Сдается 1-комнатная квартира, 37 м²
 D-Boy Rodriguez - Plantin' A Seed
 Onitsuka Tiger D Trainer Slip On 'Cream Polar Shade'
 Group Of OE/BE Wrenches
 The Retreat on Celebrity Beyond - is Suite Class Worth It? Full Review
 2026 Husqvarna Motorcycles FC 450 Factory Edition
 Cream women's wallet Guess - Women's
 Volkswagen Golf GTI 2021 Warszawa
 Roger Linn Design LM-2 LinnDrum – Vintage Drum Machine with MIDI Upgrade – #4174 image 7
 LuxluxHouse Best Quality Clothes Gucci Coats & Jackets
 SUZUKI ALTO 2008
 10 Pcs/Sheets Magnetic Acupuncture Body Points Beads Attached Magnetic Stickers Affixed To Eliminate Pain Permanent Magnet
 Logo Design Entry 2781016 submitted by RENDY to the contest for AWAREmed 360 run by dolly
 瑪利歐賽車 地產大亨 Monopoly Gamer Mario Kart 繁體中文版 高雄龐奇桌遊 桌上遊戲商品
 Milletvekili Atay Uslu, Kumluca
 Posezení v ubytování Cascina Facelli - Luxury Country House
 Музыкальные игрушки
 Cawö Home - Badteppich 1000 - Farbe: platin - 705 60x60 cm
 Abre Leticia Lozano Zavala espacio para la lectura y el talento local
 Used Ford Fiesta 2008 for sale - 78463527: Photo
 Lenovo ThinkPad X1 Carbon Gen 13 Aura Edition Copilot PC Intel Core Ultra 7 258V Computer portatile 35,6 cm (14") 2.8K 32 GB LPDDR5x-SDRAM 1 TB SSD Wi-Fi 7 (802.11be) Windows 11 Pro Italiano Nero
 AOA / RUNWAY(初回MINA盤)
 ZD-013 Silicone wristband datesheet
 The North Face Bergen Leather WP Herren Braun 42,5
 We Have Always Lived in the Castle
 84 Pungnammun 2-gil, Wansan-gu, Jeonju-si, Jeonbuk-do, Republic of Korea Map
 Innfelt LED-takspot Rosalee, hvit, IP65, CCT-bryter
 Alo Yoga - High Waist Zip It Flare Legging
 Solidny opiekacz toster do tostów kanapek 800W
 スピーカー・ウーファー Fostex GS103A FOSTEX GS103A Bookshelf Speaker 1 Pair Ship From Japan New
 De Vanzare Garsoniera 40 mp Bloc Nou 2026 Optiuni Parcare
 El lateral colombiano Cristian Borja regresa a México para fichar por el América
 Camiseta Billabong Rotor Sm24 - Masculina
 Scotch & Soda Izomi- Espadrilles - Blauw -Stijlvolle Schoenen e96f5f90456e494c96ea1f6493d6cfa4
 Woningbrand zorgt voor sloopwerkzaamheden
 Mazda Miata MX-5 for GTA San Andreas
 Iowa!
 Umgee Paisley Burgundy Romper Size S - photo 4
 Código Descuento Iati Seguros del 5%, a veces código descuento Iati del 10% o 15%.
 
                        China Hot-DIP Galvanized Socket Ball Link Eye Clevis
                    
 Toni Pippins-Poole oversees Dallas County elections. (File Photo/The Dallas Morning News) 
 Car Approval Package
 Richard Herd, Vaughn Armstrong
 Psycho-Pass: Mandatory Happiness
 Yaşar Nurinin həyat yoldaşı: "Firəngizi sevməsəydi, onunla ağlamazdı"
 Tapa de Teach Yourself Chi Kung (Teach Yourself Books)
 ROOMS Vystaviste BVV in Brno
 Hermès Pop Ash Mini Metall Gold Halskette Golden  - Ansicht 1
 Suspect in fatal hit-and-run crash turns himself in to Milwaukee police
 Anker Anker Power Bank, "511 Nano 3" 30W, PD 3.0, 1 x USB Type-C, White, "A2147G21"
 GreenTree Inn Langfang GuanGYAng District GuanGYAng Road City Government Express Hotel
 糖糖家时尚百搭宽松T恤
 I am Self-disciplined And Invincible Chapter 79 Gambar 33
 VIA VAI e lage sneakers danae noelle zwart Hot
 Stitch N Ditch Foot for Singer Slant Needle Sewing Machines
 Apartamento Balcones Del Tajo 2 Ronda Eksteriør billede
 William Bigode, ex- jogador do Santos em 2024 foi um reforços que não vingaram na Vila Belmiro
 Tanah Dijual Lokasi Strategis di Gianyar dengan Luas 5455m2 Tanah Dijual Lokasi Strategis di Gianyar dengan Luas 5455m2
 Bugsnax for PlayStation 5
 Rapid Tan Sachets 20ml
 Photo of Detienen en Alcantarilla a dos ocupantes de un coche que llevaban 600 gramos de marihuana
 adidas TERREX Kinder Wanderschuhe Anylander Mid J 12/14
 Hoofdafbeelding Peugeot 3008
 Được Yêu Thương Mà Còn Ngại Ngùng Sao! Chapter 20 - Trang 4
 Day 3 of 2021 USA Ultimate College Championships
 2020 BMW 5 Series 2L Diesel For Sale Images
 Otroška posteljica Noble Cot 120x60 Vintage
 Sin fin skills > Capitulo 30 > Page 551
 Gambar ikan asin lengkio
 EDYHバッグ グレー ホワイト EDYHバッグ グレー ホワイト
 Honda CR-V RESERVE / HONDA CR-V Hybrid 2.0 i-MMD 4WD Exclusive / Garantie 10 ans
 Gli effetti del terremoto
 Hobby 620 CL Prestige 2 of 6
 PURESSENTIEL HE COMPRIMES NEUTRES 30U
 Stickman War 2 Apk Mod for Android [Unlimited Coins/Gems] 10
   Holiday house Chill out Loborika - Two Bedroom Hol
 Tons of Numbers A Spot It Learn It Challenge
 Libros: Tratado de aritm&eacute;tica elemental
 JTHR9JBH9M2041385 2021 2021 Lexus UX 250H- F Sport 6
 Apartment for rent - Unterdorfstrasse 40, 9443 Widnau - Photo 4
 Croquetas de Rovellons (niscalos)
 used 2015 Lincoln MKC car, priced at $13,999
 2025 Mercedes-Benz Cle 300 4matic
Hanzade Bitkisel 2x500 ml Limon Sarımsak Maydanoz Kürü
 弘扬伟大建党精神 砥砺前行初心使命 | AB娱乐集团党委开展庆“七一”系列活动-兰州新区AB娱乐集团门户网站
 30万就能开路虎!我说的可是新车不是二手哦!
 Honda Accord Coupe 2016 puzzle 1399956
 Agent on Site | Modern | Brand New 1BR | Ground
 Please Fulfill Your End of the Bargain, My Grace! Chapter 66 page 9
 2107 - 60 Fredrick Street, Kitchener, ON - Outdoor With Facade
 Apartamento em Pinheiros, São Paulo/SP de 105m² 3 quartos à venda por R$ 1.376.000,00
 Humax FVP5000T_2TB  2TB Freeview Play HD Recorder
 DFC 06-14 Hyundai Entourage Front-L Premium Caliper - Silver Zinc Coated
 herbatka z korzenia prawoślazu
━━━━━━━━━━━━━━━━━━━━━━━━━━━━━━
WORK TO COMPLETE => Go through the material and copy out every line with "Vintage" in it.

THE ANSWER =>
 Roger Linn Design LM-2 LinnDrum – Vintage Drum Machine with MIDI Upgrade – #4174 image 7
 Otroška posteljica Noble Cot 120x60 Vintage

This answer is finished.